Monday, July 2, 2012

Book #5: One of Ours

This book was really two very distinct but related stories. In hindsight, I guess they did need to be told as one. To start you have a young man who is struggling to find himself within his life as the son of a well to do farmer in America's heartland. He craves a life full of academics and adventure but allows himself to be forced into a mundane existence to suit his family's needs. The entire first half of this book is extremely tragic. I wanted to scream and beat this dutiful son with a brick as he made bad decision after bad decision, simply because he refused to stand up for himself and make decisions that suited HIM.
In the end of the first half of the book he is left unhappy, poorly educated, even more poorly married, and generally miserable all because he became fixated on changing the people around him instead of heading for the hills to seek fresh blood!  When he finally does gather the courage to run out on this pathetic existence he has created for himself, he runs directly into a war zone. This unlucky young man was one of the millions of young men around the world who voluntarily took up arms in the first global war.

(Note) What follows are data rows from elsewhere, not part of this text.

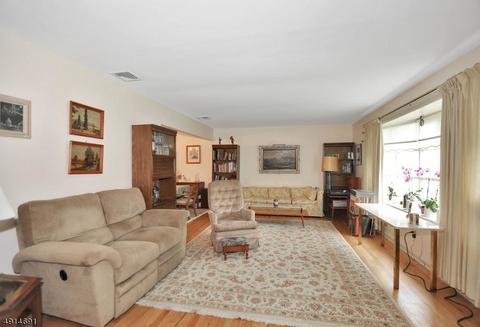294 Maril Ct, Paramus, NJ 07652 photo 4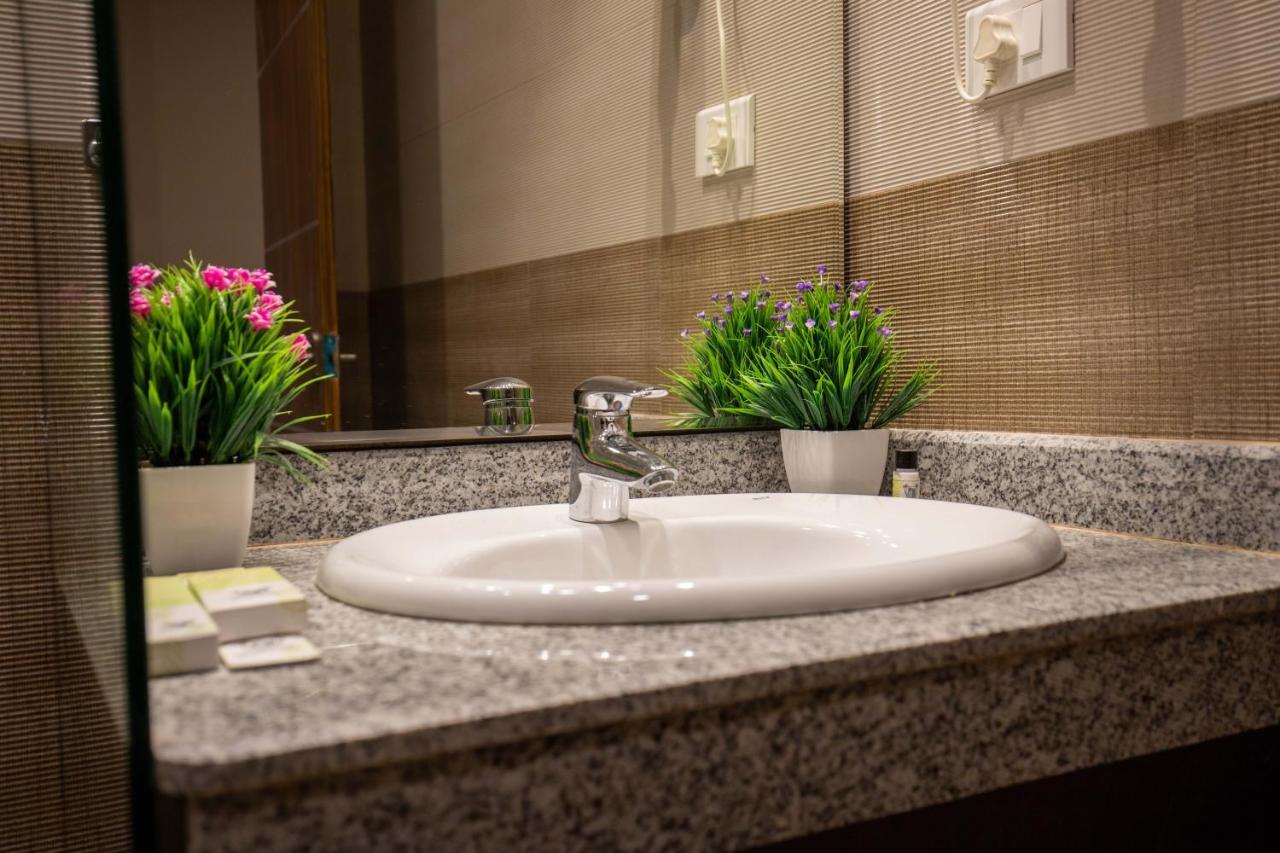 Hotel Palm International Butwal ภายนอก รูปภาพ
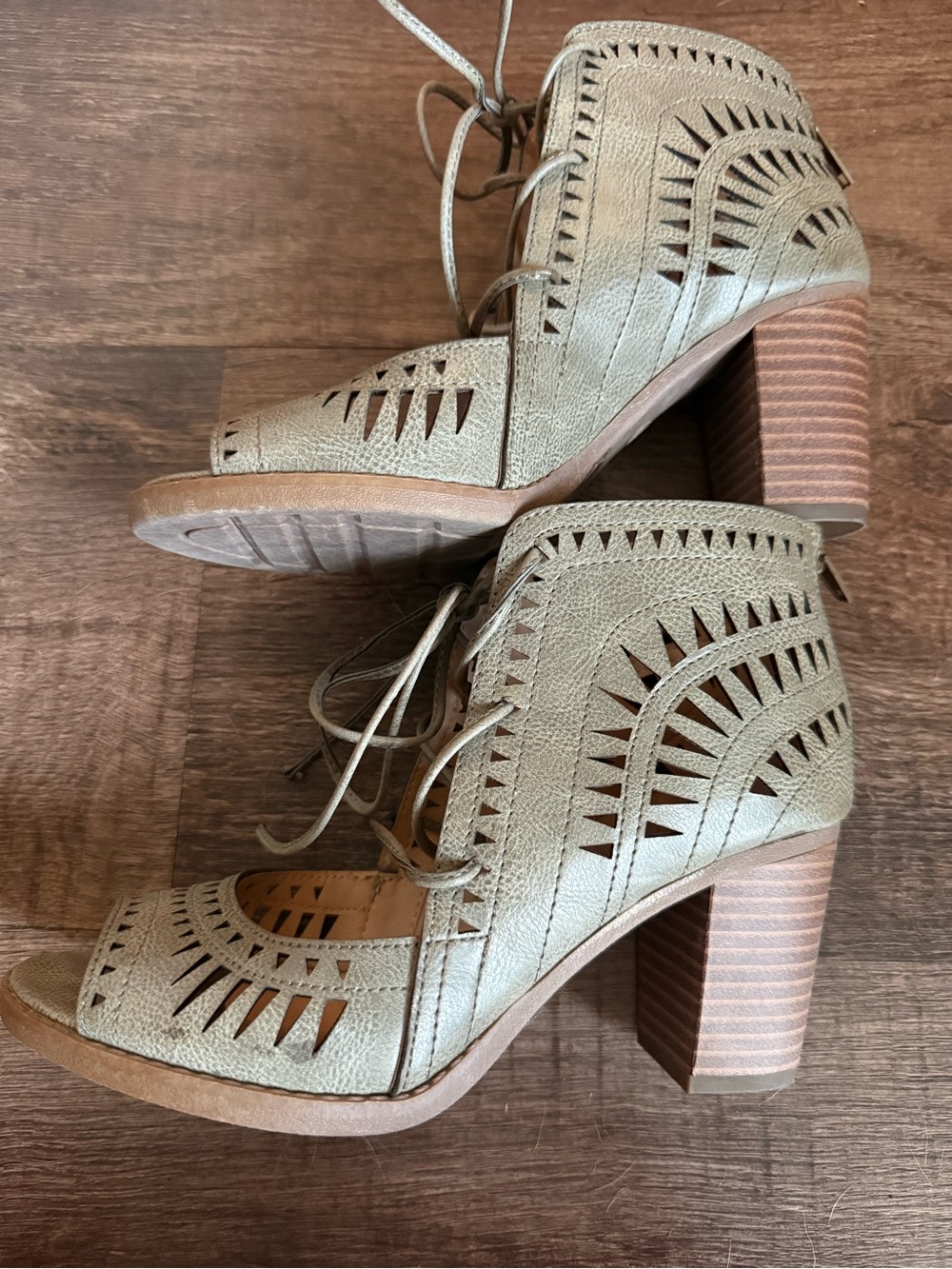 Lace-Up Cutout Block Heel Sandals - sage green
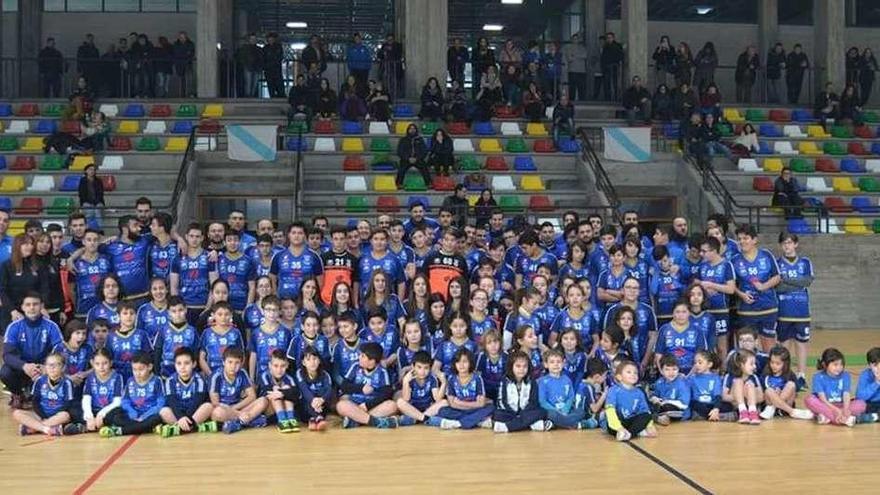 Fotografía de familia de todos los jugadores del Bueu Atlético. // Santos Álvarez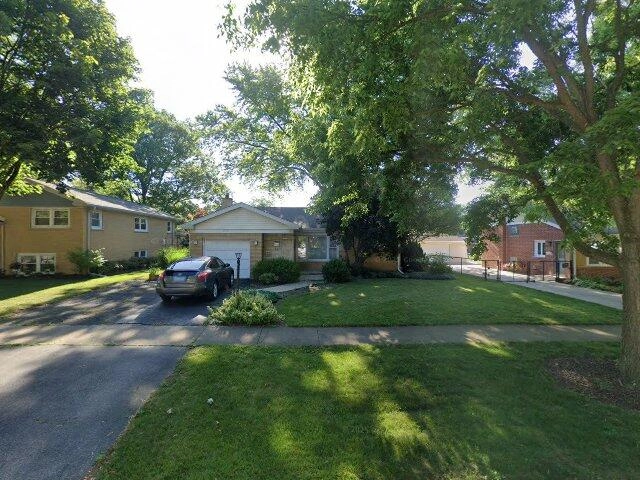 House image located at Arlington Heights, IL 60005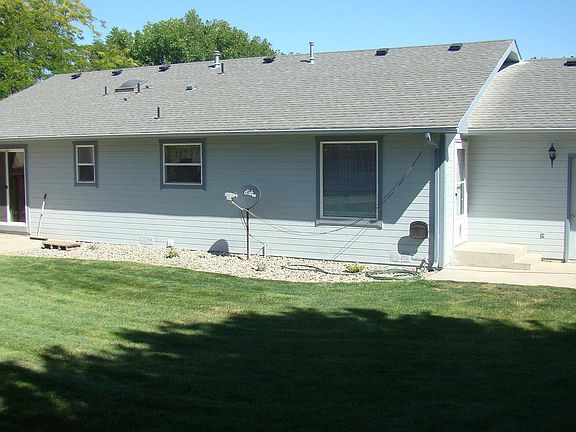 2nd image of 216 El Camino Ave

World War I has always more or less horrified me. Being a woman born in the 1980s instead of the 1880s, there is no real reason for this. But I can honestly say that reading any piece of historical fiction about the buildup, duration, and aftermath of "The Great War" has always left me feeling an extreme sense of dread. Recently I stumbled across I list I made on my 21st birthday titled, "THINGS I LIKE!" Number 37 of the 67 items on the list was "32. listening to theories on why World War I started." To think that the murder of one couple in Sarajevo resulted in the death of tens of millions of people is horrific enough. But the complicated strings of events and alliances that were responsible for things getting so out of hand are even scarier. This war also made the world a lot smaller which resulted in an global outbreak of the Spanish Flu. More death, more sorrow, more destruction. That had to be a horrifying time to be alive, especially because so many people went into this war with a ridiculously romantic picture of what it would be like. Surely they couldn't have anticipated poison gas and machine guns. War in the post-Victorian era was a completely new game and this volunteer army of boys learned that the worst way.

The entire second half of the book is obviously about the war. It is during this section that you realize what a great writer Willa Cather is. She manages to paint (what seems to be) a very accurate portrait of life in the trenches and war torn Europe after having spent a few hundred pages writing about the fluffy beauty of the American countryside. The two stories smack each other in the face. But clearly the two stories had to be told together. It would be impossible to fully experience the horror of war had you not first seen the main character living in extreme peace. It also would have been impossible to understand his THIRST for war if you hadn't first suffered through his excruciatingly boring life back home.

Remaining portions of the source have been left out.